Oriental Health Aesthetics: The Time of Professor Qiu Zhenglun’s Explanation of the Book of Changes(34)

Let me elaborate on how to understand this concept of “image.” Not only in the I Ching, but also in Chapter 21 of Laozi’s Tao Te Ching—look it up if you have your phones with you. Your phone is a library and archive held in the palm of your hand. What does Chapter 21 say?

“The appearance of great virtue follows the Tao alone. The Tao, as a thing, seems indistinct, seems unclear. So unclear! So indistinct! Yet within it lies form. So indistinct! So unclear! Yet within it lies substance. Profound and dark! Within it lies essence. This essence is utterly real—within it lies truth.”

I’m reciting this not to boast about my memory, but to help us grasp the nature of “image.” The “image” (xiàng) is chaotic, indistinct—”seeming unclear, seeming indistinct.” In that haze, the mirage emerges: an illusion born of this ambiguity. “Within the haze lies form; within the blur lies substance.” Substance (wù) is the heart/mind. When we speak of “substance,” we don’t say “observe the image to grasp the image”—instead, we “observe the concrete to capture the abstract.” Isn’t this how painting works? We observe the tangible to capture the essence.
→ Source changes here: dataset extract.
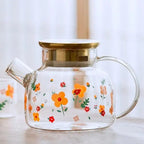 Teekanne aus Glas mit goldenem Deckel und Blumenmuster 1L - 1.7L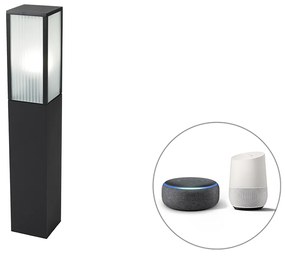 Zewnetrzna Inteligentna lampa stojąca zewnętrzna czarna z żebrowanym szkłem 80 cm z WiFi A60 - Charlois Nowoczesny Oswietlenie zewnetrzne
Hence, “writing cannot exhaust words, words cannot exhaust meaning”—so the sages created symbols (xiàng) to convey meaning fully. Why use symbols to express meaning? This is profoundly insightful. Today, when we say, “Oh, it looks so real!”—such praise hasn’t truly captured art’s essence. Descriptions like “exquisitely lifelike” or “vivid as life itself” aren’t wrong, but when we apply them to mere technical likeness, we’ve missed the point entirely.